We can do BETTER – Building on Existing Tools to Improve Cancer and Chronic Disease Prevention and Screening in Primary Care Mainpro+ Workshop

The BETTER Program is currently accredited by The College of Family Physicians of Canada as a Maintenance of Proficiency (MainPro+) program. Participants can claim up to 3 MainPro+ credits for participating in a 3-hour workshop and completing a post-session self-reflective exercise, however, sessions can be tailored to accommodate different time constraints.

Additional information on MainPro accreditation can be found here.

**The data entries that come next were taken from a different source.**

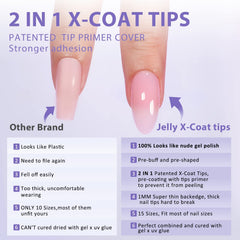 BTArtbox XCOATTIPS ultra-fit matte design blends with natural nails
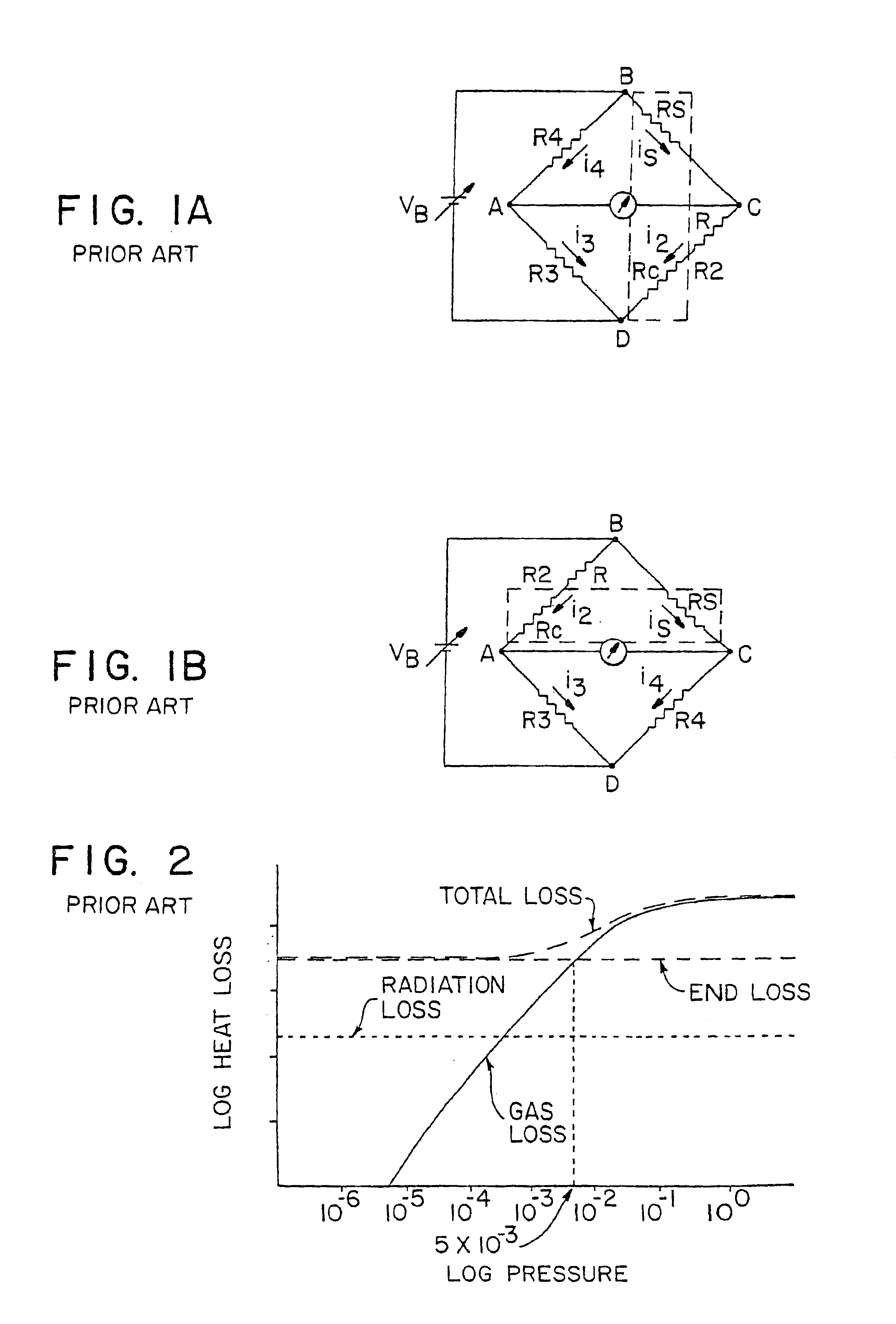 Apparatus and methods for heat loss pressure measurement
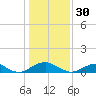 Tide chart for Mathias Point, Potomac River, Virginia on 2023/01/30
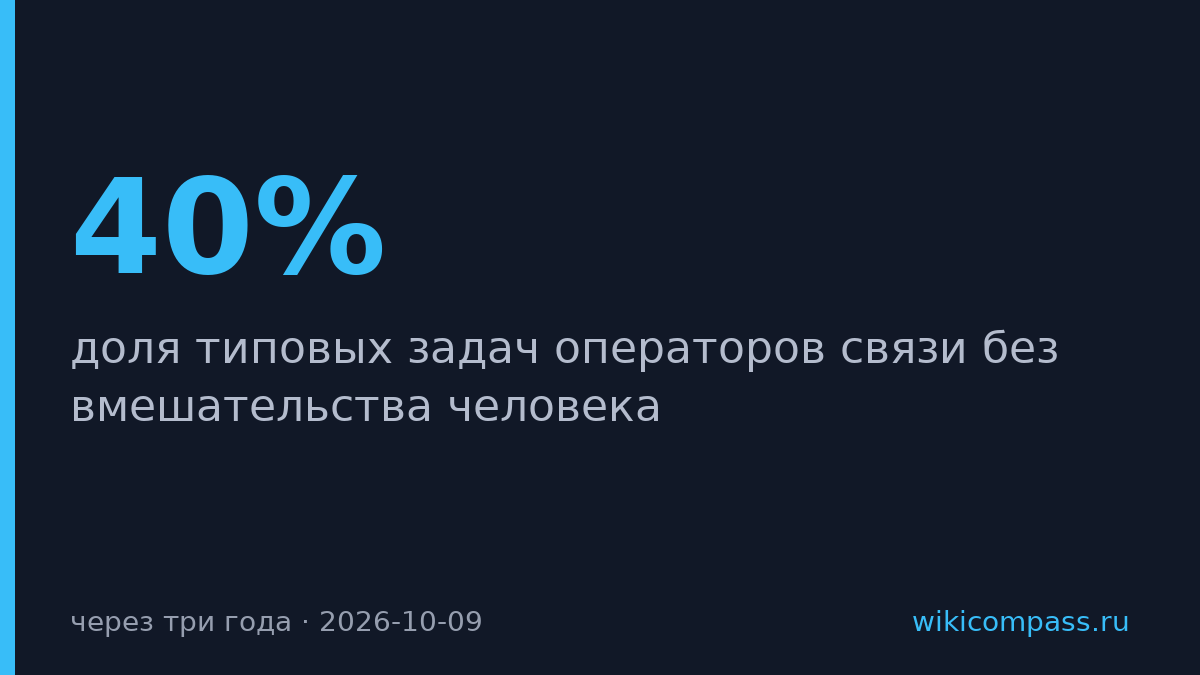До 40% типовых задач операторов связи смогут обойтись без людей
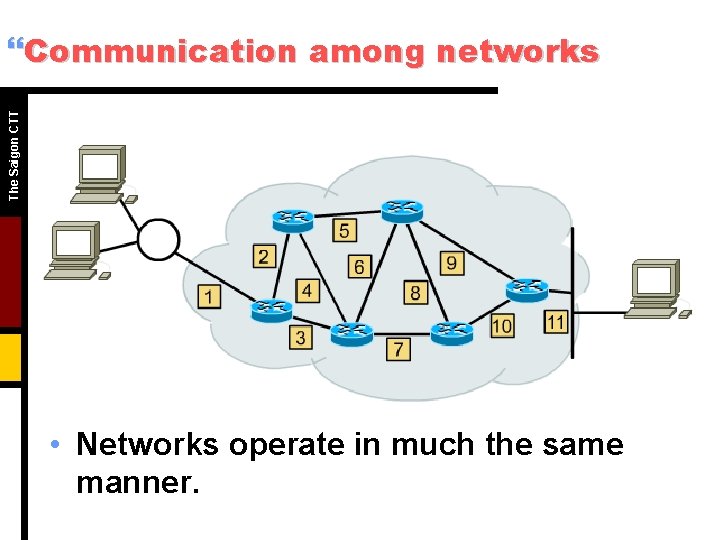 The Saigon CTT }Communication among networks • Networks operate in much the same manner.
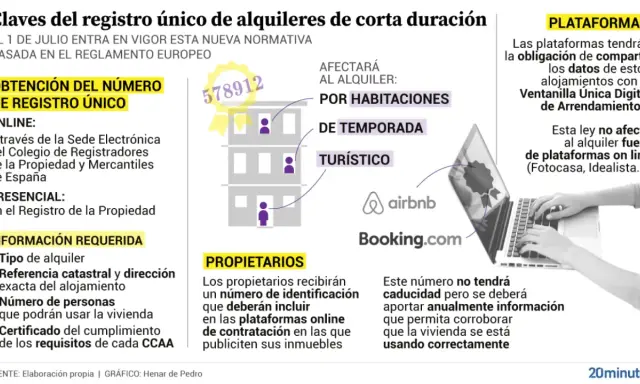 Infografía sobre la nueva ley de alquiler en España, que afecta a alquileres turísticos y por habitaciones. Plataformas como Airbnb y Booking.com deberán compartir datos.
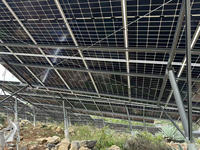 Structure en acier solaire galvanisé formé à froid, structures de support métalliques solaires en C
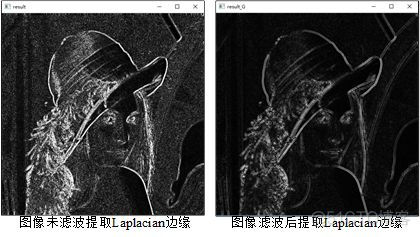 【从零学习OpenCV 4】Laplacian算子_Laplacian算子_03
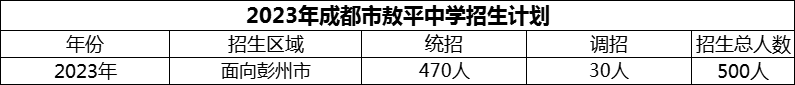 2024年成都市敖平中學(xué)招生計(jì)劃是多少？
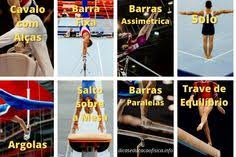 A competição teve direito a paranaenses, bolsistas do programa geração olímpica, brilhando no pódio e fazendo história. 20 Ideias De Ginastica Em 2021 Ginastica Ginastica Artistica Ginastica Olimpica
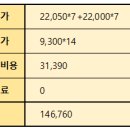 티엠씨 | 티엠씨 주가 상장일 매도후기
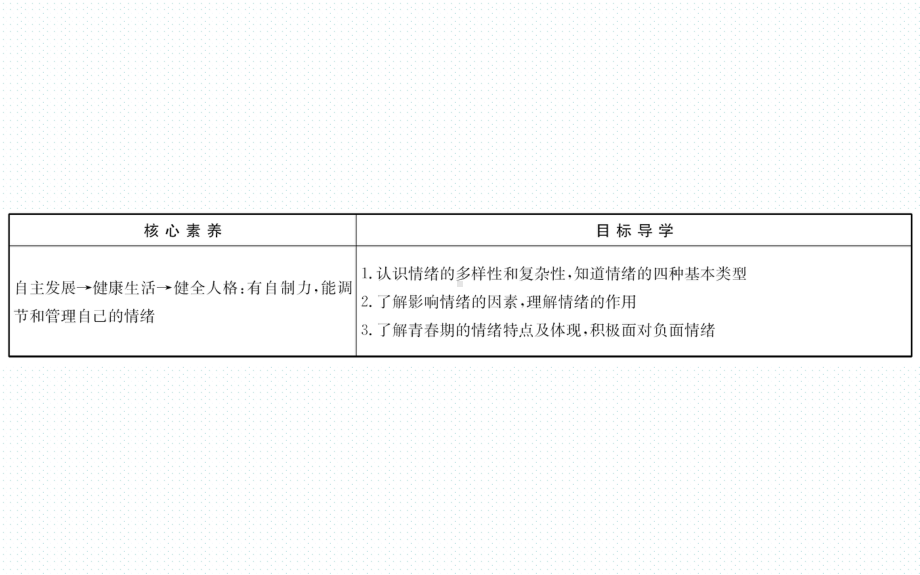 人教版《道德与法治》七年级下册-第二单元导学课件-1.ppt_第2页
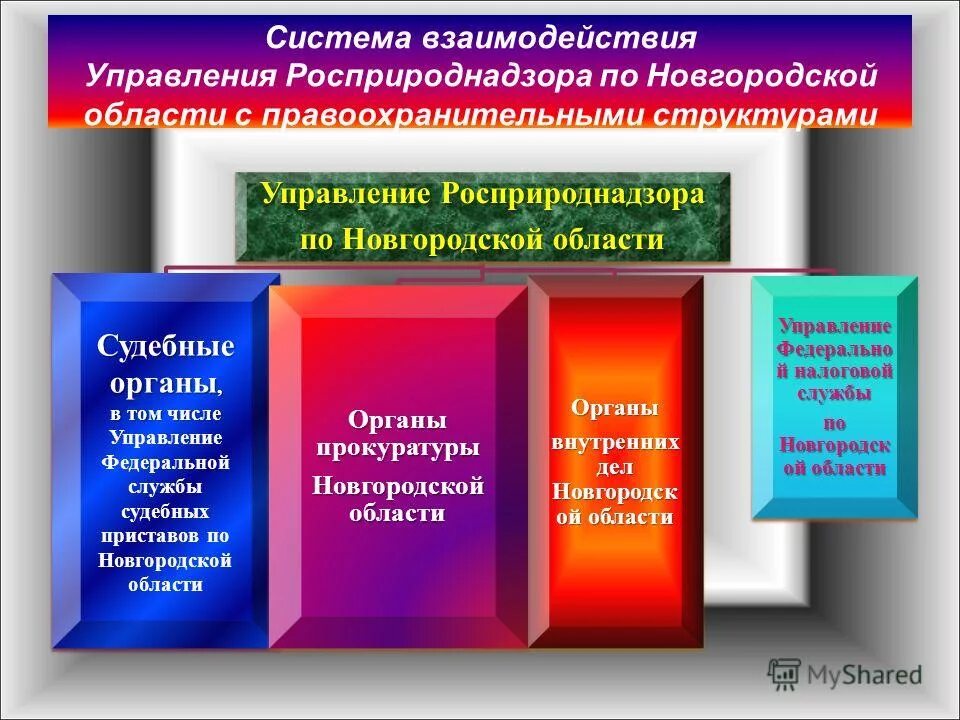 росприроднадзор — федеральная служба. вопросы росприроднадзора. росприроднадзор по иркутской области официальный сайт. цели и задачи росприроднадзора. росприроднадзор презентация.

Whenever possible, primary care professionals from diverse backgrounds, family medicine, nursing, pharmacy, etc. are encouraged to participate in the sessions as participants can learn from one another through sharing of differing perspectives and experiences.

Learning Objectives

  1. Identify how to enhance the quality of care in your practice by integrating the best evidence for prevention and screening.
  2. Identify how to incorporate prevention and health promotion in a clinical encounter in your practice.
  3. Recognize how to engage patients and health professionals in shared decision-making to develop a plan of care (prevention prescription).
  4. Identify how you can apply an intervention in your practice to improve prevention and screening.
  5. Recognize how to work with others to assess, plan, provide, and integrate prevention and screening care for individual patients.
  6. Identify how you could evaluate prevention and screening outcomes.

Session Description

The BETTER trial and subsequent studies have demonstrated that training a clinician to become a Prevention Practitioner, an individual within the primary care setting who develops specialized skills in cancer and chronic disease prevention and screening, significantly improved prevention and screening in patients 40-65 years of age as measured by a composite outcome. The BETTER approach: 1) is personalized to the patient and the practice; 2) addresses multiple conditions, including lifestyle factors; 3) is integrated with local, regional and national resources; and 4) is longitudinal, assessing patients over time. Through group discussions, participants will explore how they can adapt this novel, effective approach to their settings. The resources and tools developed to support this approach will be shared.